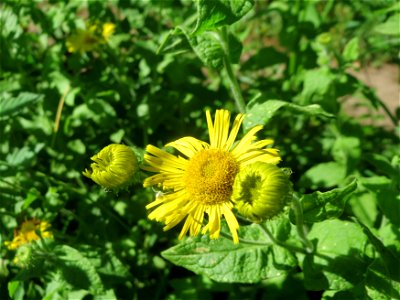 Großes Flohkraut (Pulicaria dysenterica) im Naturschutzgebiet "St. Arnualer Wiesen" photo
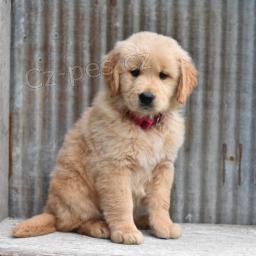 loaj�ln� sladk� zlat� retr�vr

---

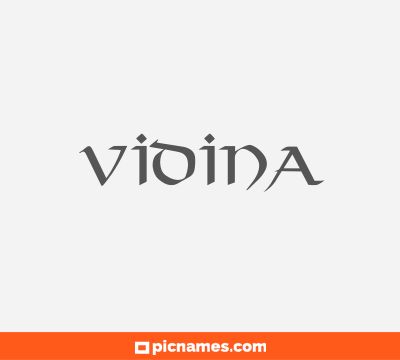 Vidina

**INSTRUCTIONS FOR THE TASK:**
Transcribe the lines above exactly, beginning at the one with "Großes Flohkraut (Pulicaria" and ending at the one with "loaj�ln� sladk� zlat� retr�vr". Include both; exclude the pictures.

**EXERCISE RESULT:**
 Großes Flohkraut (Pulicaria dysenterica) im Naturschutzgebiet "St. Arnualer Wiesen" photo
 loaj�ln� sladk� zlat� retr�vr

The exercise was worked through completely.